Kernel Log – Coming in 3.6 (Part 1): Filesystems and storage
by Thorsten Leemhuis
Linux 3.6 introduces quota and backup functions for Btrfs as well as security enhancements for temp directories. New interfaces enable the kernel to be made aware of changes to the sizes of used partitions.
Last Friday, Linus Torvalds released the second pre-release version of Linux 3.6. Torvalds' summer holiday meant that this was released two weeks, rather than the usual one, after the first release candidate. The volume of changes that has since found its way into the main development tree remains at the normal level.
As usual, Torvalds and his fellow developers merged all of the major new features intended for Linux 3.6 at the beginning of its development cycle; it is rare for the kernel developers to add, or revert, any major changes or new features during the stabilisation phase.
The Kernel Log can, therefore, already provide a comprehensive overview of the key changes and most important new features of Linux 3.6, which is expected to arrive in the second half of September. As usual, the Kernel Log overview will be presented in a series of articles that will cover the various kernel areas. The first article below describes the major changes in the kernel's filesystems and storage support; subsequent articles will look at the kernel's graphics drivers, network support, architecture code and other hardware drivers.
Btrfs
The still experimental Btrfs filesystem now supports quotas for subvolumes (separate areas within the filesystem), setting out how much space they are permitted to occupy (1, 2 and others). A further new feature in Btrfs is "send/receive" (1 and others). This enables userspace programs to determine the difference between two snapshots, to save these differences to a file and to restore these backups as required. This is particularly useful for incremental, atomic backups. A more detailed explanation of this function, which is also available in ZFS, can be found in this LWN.net article. The userspace tool for making use of this currently remains confined to the Btrfs filesystem tools development tree. Details about this and other changes relating to Btrfs are discussed by Btrfs maintainer Chris Mason in his main git pull request.
Ext4
According to the commit comments, the ext4 code no longer stores quota information in visible files, but instead stores it in the form of hidden inodes in the metadata. The result is that quota support has been upgraded to a "first class supported feature". A further change to the ext4 code improves performance when overwriting files, as explained by Theodore Ts'o.
Do not follow!
One of the new functions implemented in Linux 3.6 is based on an idea that dates back to 1996 – the kernel can now be configured to not follow hardlinks and softlinks in directories with a set "sticky" bit (such as /tmp/), when those links point somewhere higher up the directory tree. As LWN.net explains in this article, this feature, which can be activated via sysctl, puts a stop to a common trick used by attackers to escalate their privileges by using background services running as root.
Resizing
A new interface allows userspace programs to notify the kernel when the size of a partition they are using changes, allowing the kernel to become aware of changes to the size of mounted or other partitions at runtime and to act accordingly. The program resizepart, which will make use of this new interface, has been included in the recently released second pre-release version of util-linux 2.22-rc2.
Miscellaneous
- Changes to the software RAID code in the MD subsystem should improve the performance of RAID arrays in which one or all of the storage devices are SSDs.

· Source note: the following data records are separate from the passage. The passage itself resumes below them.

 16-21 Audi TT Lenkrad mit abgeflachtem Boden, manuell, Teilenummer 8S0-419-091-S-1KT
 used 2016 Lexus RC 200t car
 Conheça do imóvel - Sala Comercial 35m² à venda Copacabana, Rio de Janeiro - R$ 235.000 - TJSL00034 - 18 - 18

- Device mapper is now able to utilise the RAID 10 functionality provided by the MD subsystem.
- Following several years of development, a large patch collection has now been merged into the memory management and filesystem code in Linux 3.6, with the result that it should now be possible to reliably save swap files to NFS shares (1 and others). This is useful in areas such as thin clients with no local storage.

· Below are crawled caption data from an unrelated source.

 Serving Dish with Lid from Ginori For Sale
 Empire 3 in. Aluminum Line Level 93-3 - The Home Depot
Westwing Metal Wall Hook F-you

- The virtio-scsi driver, merged into the kernel in Linux 3.4, now supports hotplugging, allowing disks to be added to, or removed from, virtualised systems at runtime.
- More than one week after the merge window had been closed, Linus Torvalds merged the fabric driver tcm_vhost. The code is classified as staging, but is not living in the staging tree of the kernel. It allows SCSI devices on a host system to be used with minimum overhead by guest systems virtualised using KVM. Nicholas A. Bellinger has published some benchmarking results obtained using the new driver.
- Aacraid, a driver for Adaptec storage adaptors (among others), now supports the "async (performance)" mode offered by series 7 models.
- Restructuring work on VFS (virtual filesystem) and filesystem code based on it has enabled developers to remove kernel daemon pdflush, which previously triggered a write to the superblock every five seconds when changes were made to data stored there. This regular wake call was unhelpful from an energy-saving point of view.
- The XFS status update for July 2012 mentions a number of changes to XFS which have been merged into Linux 3.6, including performance improvements for the inode allocator.